The Elimination Challenge is to come up with a dish inspired from Julia's cooking. Three hours to cook and one hour to finish on site tomorrow. They chat with Jacques for a while to learn the secrets of Julia, other than the fact that she was totally a CIA spy.

Doug is silent because of where he comes from. Texas shrugs as he says, "I grew up in East Texas and here I am meeting Jacques Pepin." Then he follows this ode to the state of Texas with, "I am from Texas so I can't pronounce things very well." C'mon Doug, your state gave us that Rick Perry character! He's fun to watch!

Doug is insistent on making a whole roasted foie gras. George is braising some veal and presenting it with some vegetables and pommes puree. There is some French going on around here. Melissa is challenging herself with shortribs. Mei is making duck a l'orange but you know it will show off some of herself. You can't spell Mei without ME. Gregory is making Coq au Vin. Tom wanders in during cooking to advise them to channel Julia and then they all try to sound like Julia. None of them will ever be known for their impersonation abilities.

We eat. It's outside. It's beautiful. The diners, or the we, are Dana Cowin, Jacques, Alex Prudhomme (related to Julia), Tom, Padma, Boston chefs Barbara Lynch, Joanne Chang, Mary Dumont, and little old me. I am hungry so don't talk much.

The food is really good overall. There were some issues like drier ribs, monotonous veal, raw foie, and maybe some flabby duck skin, but pound-for-pound they did the dishes well. Tops are Gregory and Mei, and the verdict is an interesting one. Gregory nailed a classic, but it was like he channeled Julia too much and did a textbook version, while Mei nailed a riff on a dish with her duck a l'orange. It is arbitrary who should win but Mei pulls it off and wins a just decision.

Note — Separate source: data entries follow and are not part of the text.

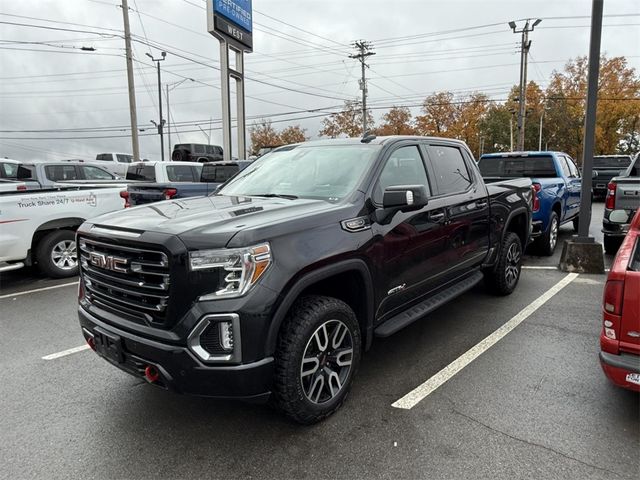 2022 GMC Sierra 1500 Limited AT4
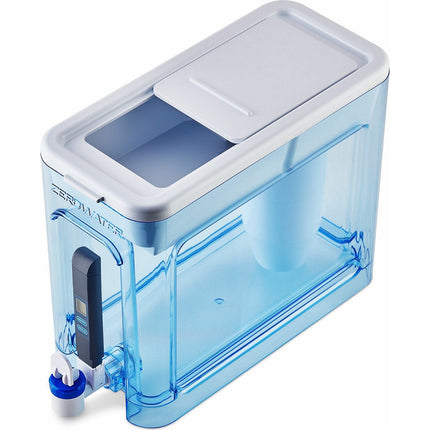Carafe filtrante ZEROWATER 7.5 litres Ready-Read™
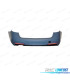 PARE CHOCS ARRIÈRE BMW F31 TOURING PDC LOOK M PDC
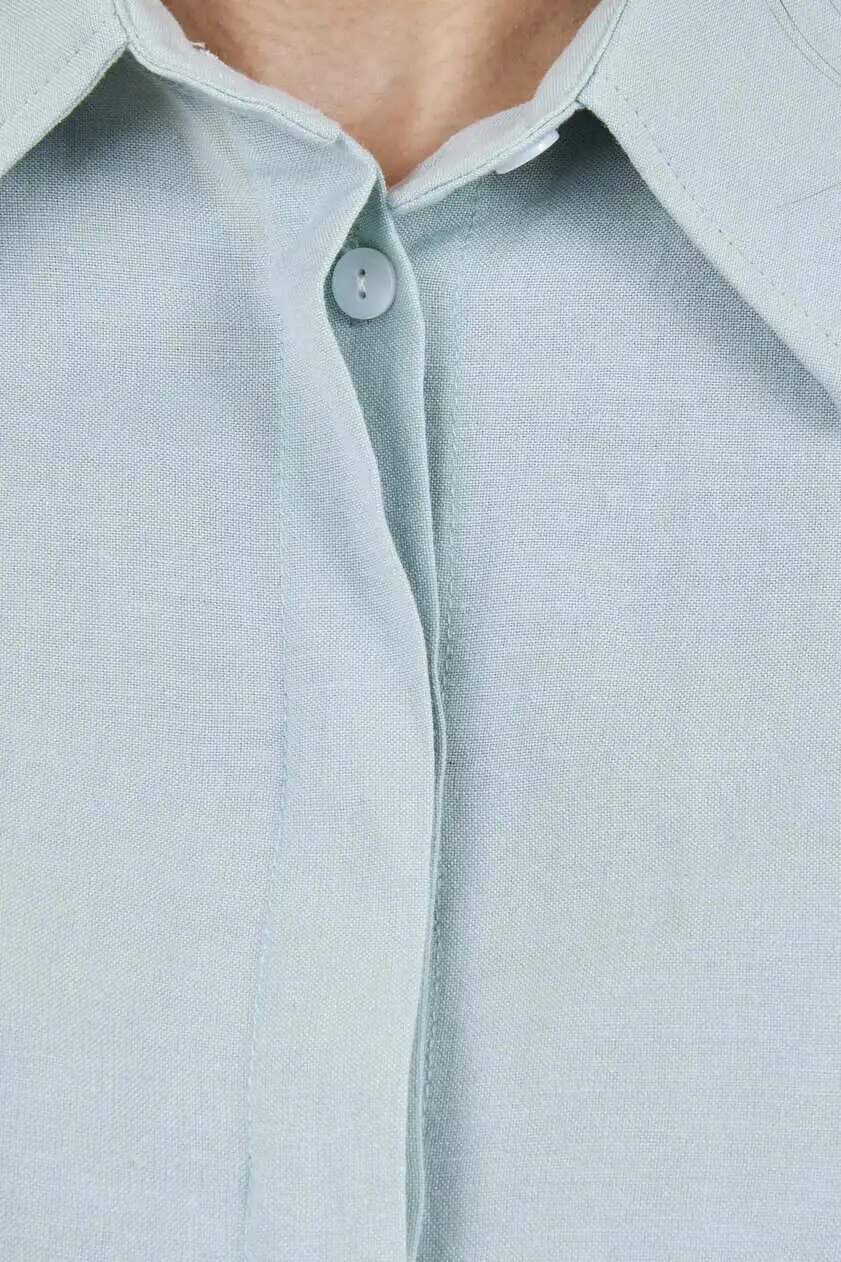 Платье Selfie, размер XS, зеленый — фото 1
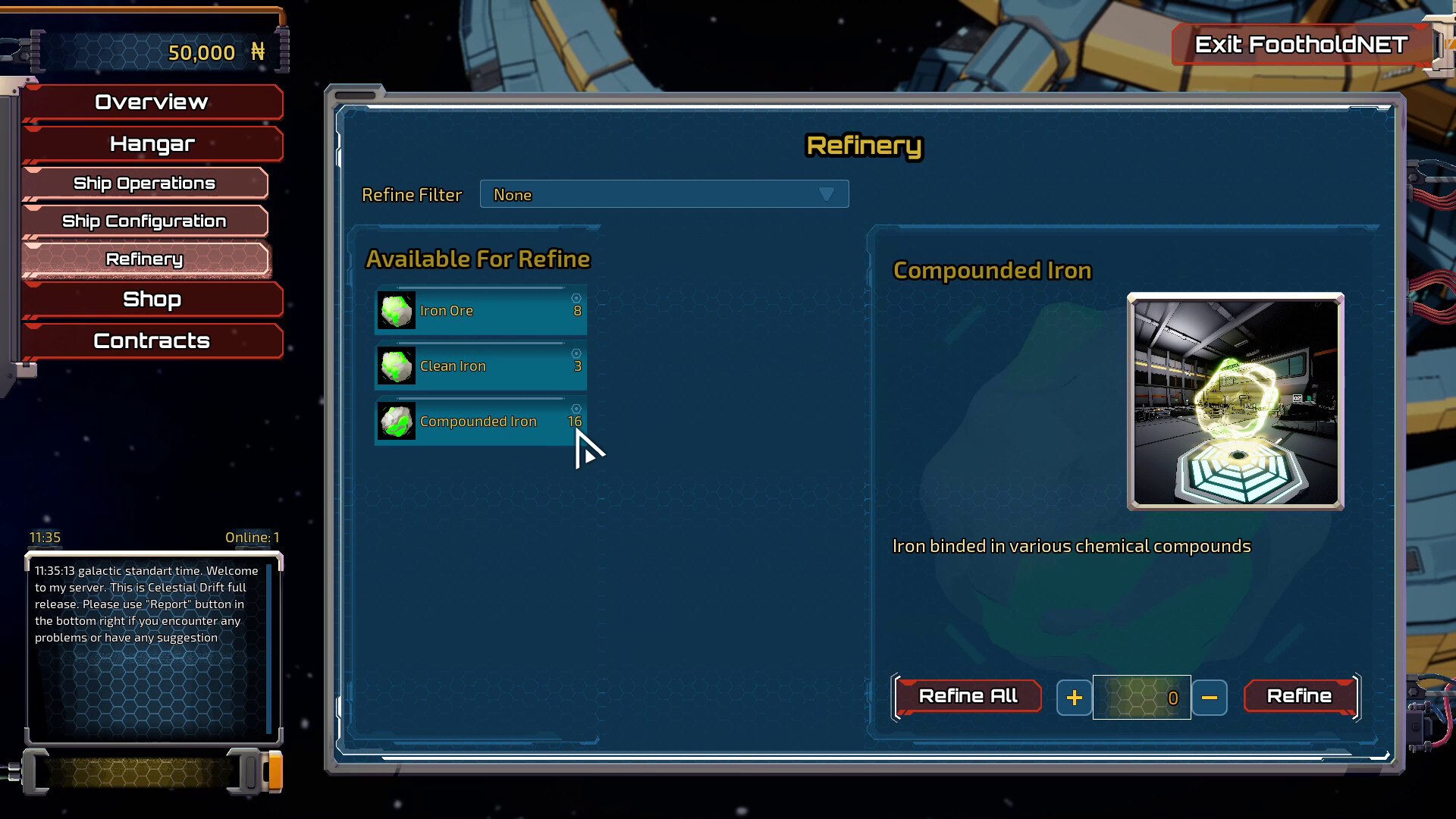 Celestial Drift screenshot #16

Not so arbitrary but still close is the bottom trio of Melissa, George, and Doug. Melissa erred in rib cookery. George cooked stunning veg but it was the veal that was a yawn. Alas, Doug bows out with his dish, a dish that he had never done but dreamed about. You don't just do roasted whole lobes of foie at the restaurant you work at, cause the owner chef would probably stab you if you ruined the 300 bucks in product. But this is TV money so he took a chance. The problem is that cooking whole foie is tricky. You can''t sear it too much or you will render away the beauty, and then you need to temper-roast it in a medium heat oven. Then it comes out and you rest it on a wire rack. It is pretty much served just warm. He did all of those steps, but over-seared it and then cooked it a hair hot, and not long enough, resultingin a greasy, yet raw internal. Funny thing is that the rest of the stuff on the plate was awesome. Well Doug, you were a favorite of ours and I wish you much success in Last Chance Kitchen.